Gegenüber RT Deutsch mokierte sich die Frau «Senior Editor» darüber, dass der «Beitrag» nicht als Meinungsbeitrag zu erkennen sei. Allerdings enthalten Titel und Untertitel, wie sie im Post abgebildet sind, auch kaum einen Meingungsanteil. Egal: Theresa Locker bewertet ihn als «falsch».
«Falsch» ist nach Ansicht des Vice-Teams auch die Aussage, dass deutsche Steuerzahler Clinton finanzieren. Zwar ist es gut dokumentiert, dass die Gesellschaft für Internationale Zusammenarbeit (GIZ) gut 2,4 Millionen Euro Steuermittel an die private Clinton-Stiftung überwies. Aber das Vice-Team mahnt an, dass «Steuerzahler nicht Clintons Wahlkampf» finanzierten, sondern ein gemeinsames Entwicklungshilfeprojekt in Malawi.

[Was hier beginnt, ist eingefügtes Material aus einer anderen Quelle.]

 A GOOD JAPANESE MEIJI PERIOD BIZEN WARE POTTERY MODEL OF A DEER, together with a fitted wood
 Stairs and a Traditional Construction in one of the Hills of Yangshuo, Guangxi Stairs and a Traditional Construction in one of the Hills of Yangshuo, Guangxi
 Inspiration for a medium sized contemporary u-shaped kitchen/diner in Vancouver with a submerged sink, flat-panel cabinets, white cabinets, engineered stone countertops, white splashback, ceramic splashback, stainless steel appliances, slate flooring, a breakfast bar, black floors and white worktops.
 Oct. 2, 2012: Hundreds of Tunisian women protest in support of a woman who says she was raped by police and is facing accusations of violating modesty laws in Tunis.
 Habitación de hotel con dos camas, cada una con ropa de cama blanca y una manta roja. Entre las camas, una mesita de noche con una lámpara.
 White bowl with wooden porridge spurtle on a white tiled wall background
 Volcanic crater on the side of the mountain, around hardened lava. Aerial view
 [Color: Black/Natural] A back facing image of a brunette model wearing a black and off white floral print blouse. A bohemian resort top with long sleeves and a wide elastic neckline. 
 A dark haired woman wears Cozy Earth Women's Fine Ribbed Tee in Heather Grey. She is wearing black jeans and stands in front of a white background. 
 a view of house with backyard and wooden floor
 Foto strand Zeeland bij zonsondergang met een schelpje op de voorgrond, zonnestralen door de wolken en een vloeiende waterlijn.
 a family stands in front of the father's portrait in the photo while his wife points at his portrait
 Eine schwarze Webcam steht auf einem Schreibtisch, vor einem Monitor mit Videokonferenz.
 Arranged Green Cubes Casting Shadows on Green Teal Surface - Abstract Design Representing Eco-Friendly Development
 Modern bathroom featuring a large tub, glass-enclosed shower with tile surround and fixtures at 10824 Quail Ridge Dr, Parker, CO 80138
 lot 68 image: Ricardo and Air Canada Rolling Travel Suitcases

Allerdings behauptet unser Post auch gar nicht, dass das Geld in den «Wahlkampf» fließt. Das Wort kommt weder im Titel noch dem Untertitel vor. Insofern widerlegen Locker und ihre Team eine Behauptung, die im Post gar nicht aufgestellt wurde. Im Artikel hingegen, den das Vice-Team angeblich nicht analysierte, wird ausführlich auf den schmalen Grat zwischen Entwicklungshilfe und persönlichem Wahlkampf eingegangen.
Noch kurioser ist das Beispiel für eine Einstufung als «naja», was nach Vice-Redaktion gleichbedeutend ist mit «irreführend». Vice stößt sich daran, dass ein Bericht über die #Pizzagate-Debatte die «Spekulationen nährt», dass in Washington ein Pädophilenring im Clinton-Umfeld aktiv ist. Zwar verwendet der Bericht bereits im Untertitel das Wort «Spekulation» und achtet sorgfältig darauf, zwischen gesicherten, überlieferten und unsicheren Informationen zu unterschieden. Aber Theresa Locker empfand das wohl trotzdem als «irreführend».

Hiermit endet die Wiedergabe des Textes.